_The task_
Every line from the first record below down to the line that includes "Postel nebo postele" must be reproduced exactly; the pictures are not.

_Data records_
━━━━━━━━━━━━━━━━━━━━
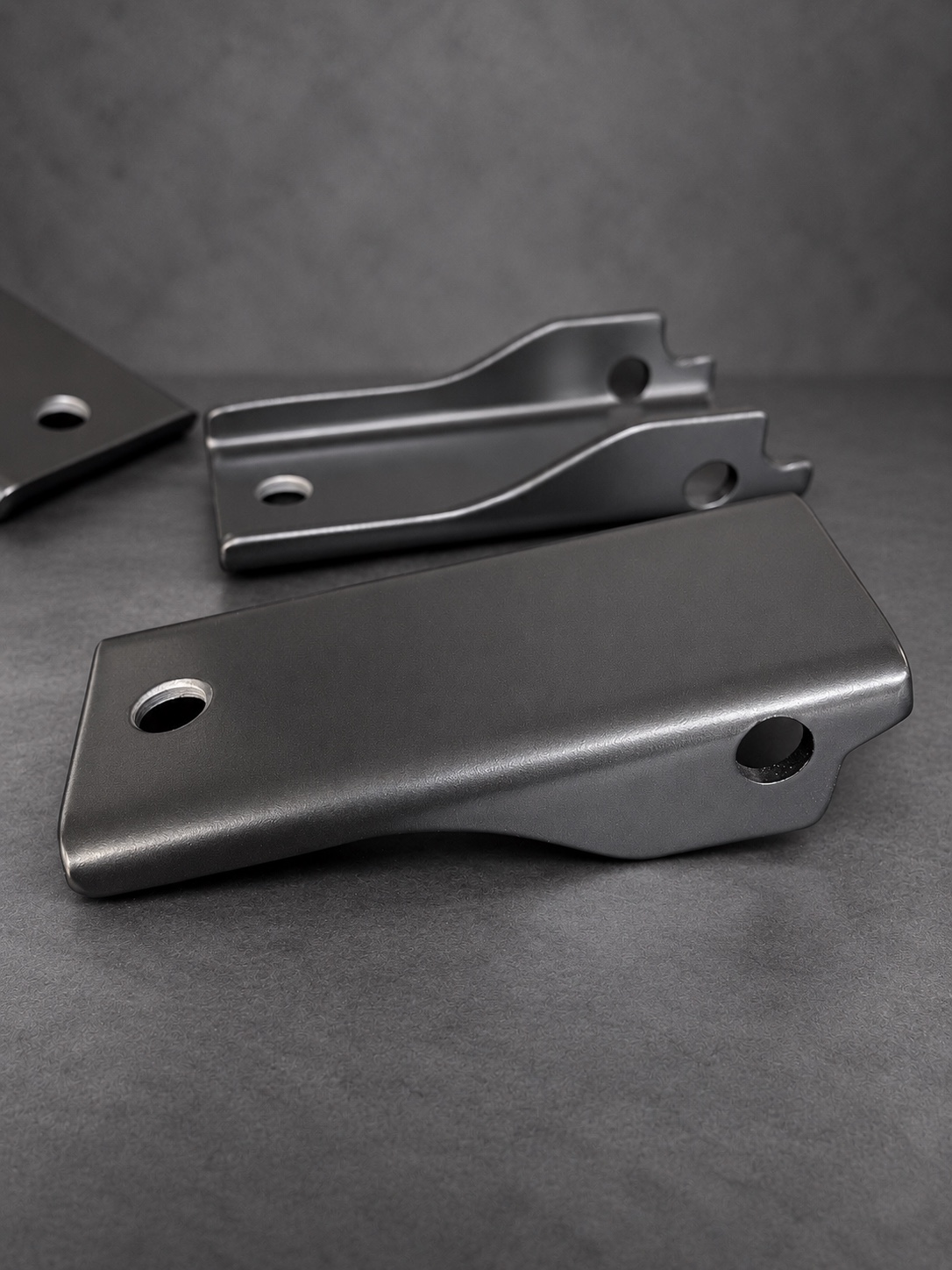 Close-up of black Cerakote E Series folded brackets showing surface texture and mounting holes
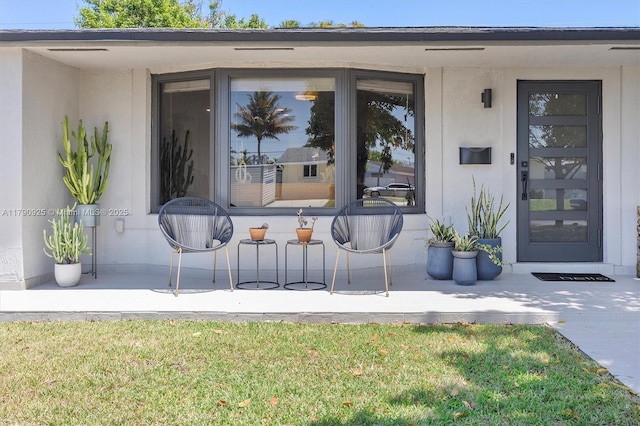 view of exterior entry with stucco siding and a yard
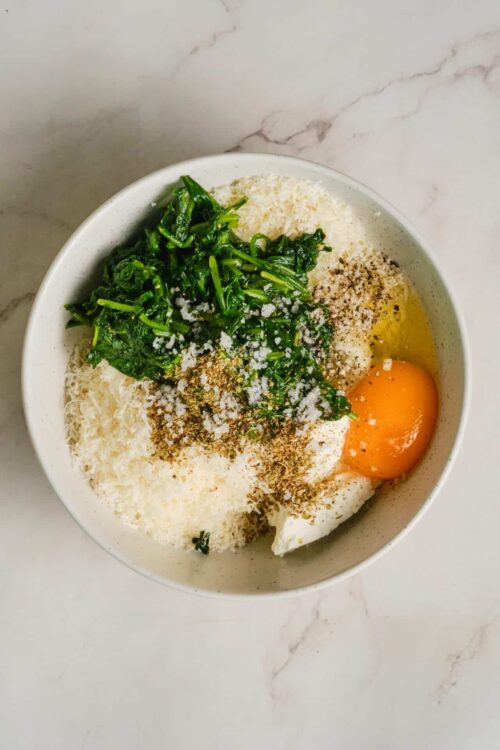Fresh spinach, grated cheese, eggs, and seasonings in a mixing bowl for healthy breakfast or cooking ingredients.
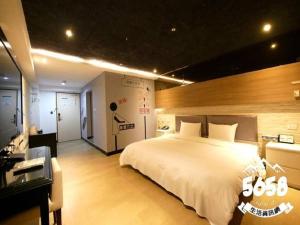 Postel nebo postele na pokoji v ubytování R8 Eco Hotel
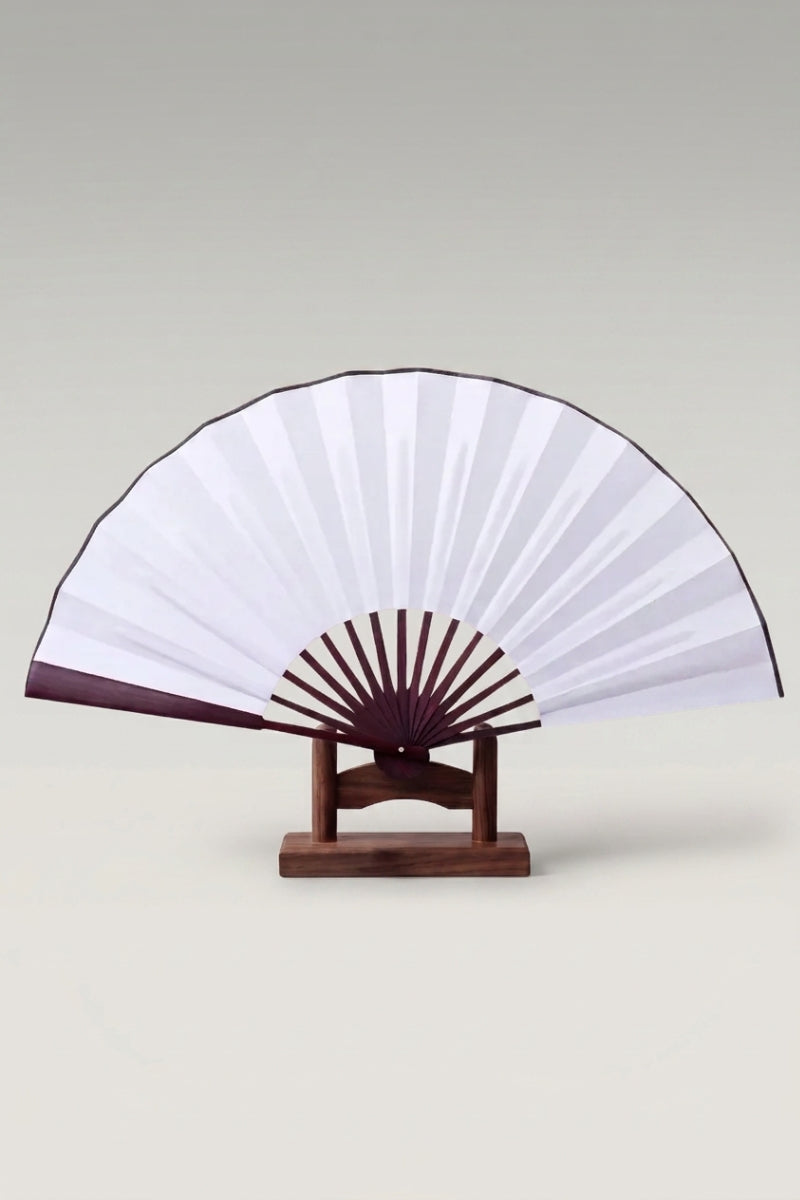 Large Japanese folding fan 'Kisho' — an oversized plain white leaf on a large bamboo folding fan, shown open on a wooden stand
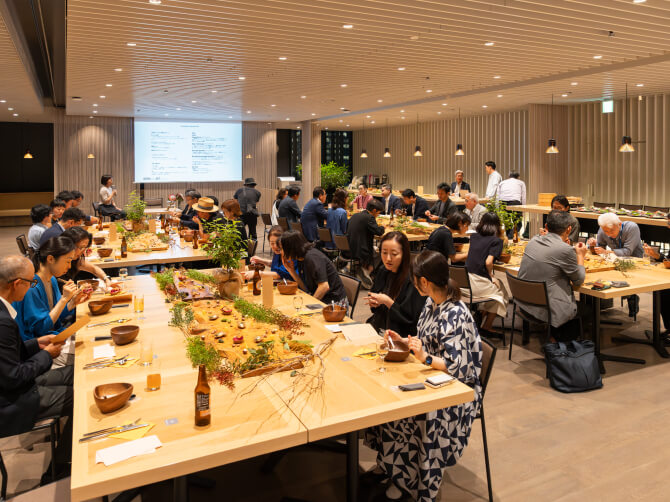 大きなテーブルを囲んで参加者が食事を楽しみながら談笑するフードイベント会場の全景。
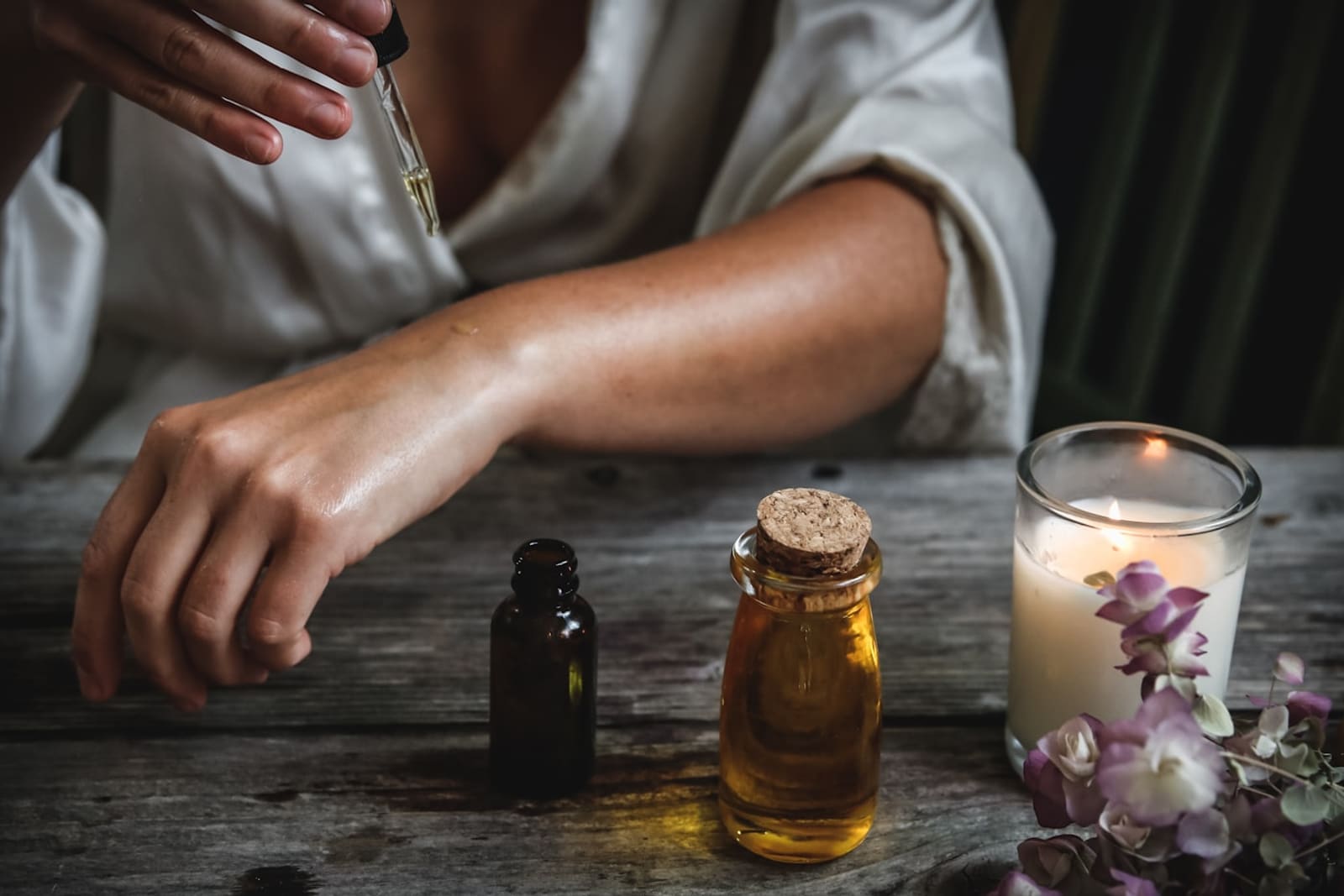 A warm, sunlit tabletop with amber and glass bottles, a lit candle, and soft flowers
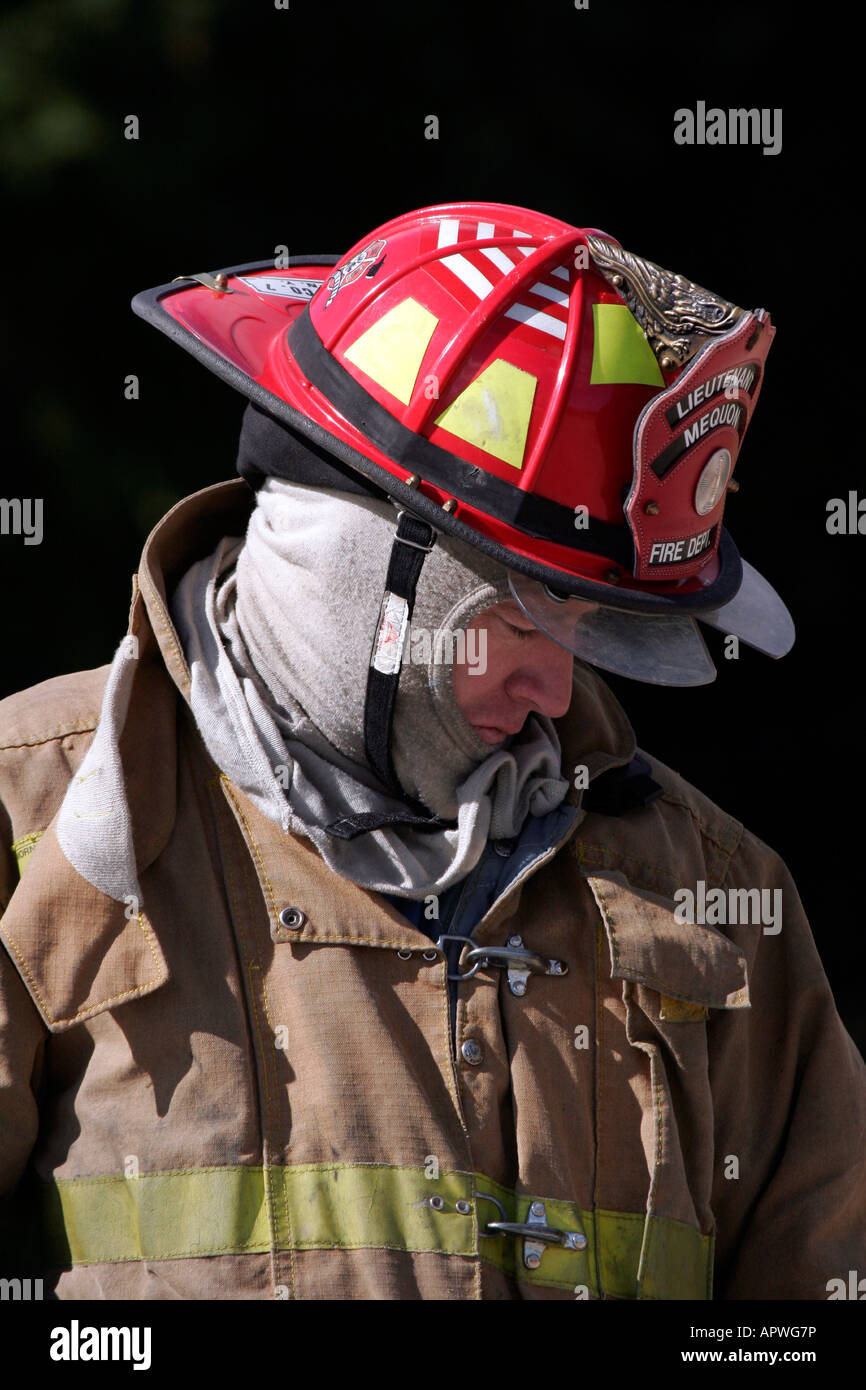 An American Lieutenant Firefighter for the city of Mequon Wisconsin looking down wearing a red helmet Stock Photo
━━━━━━━━━━━━━━━━━━━━
_Result for this task_
 Close-up of black Cerakote E Series folded brackets showing surface texture and mounting holes
 view of exterior entry with stucco siding and a yard
Fresh spinach, grated cheese, eggs, and seasonings in a mixing bowl for healthy breakfast or cooking ingredients.
 Postel nebo postele na pokoji v ubytování R8 Eco Hotel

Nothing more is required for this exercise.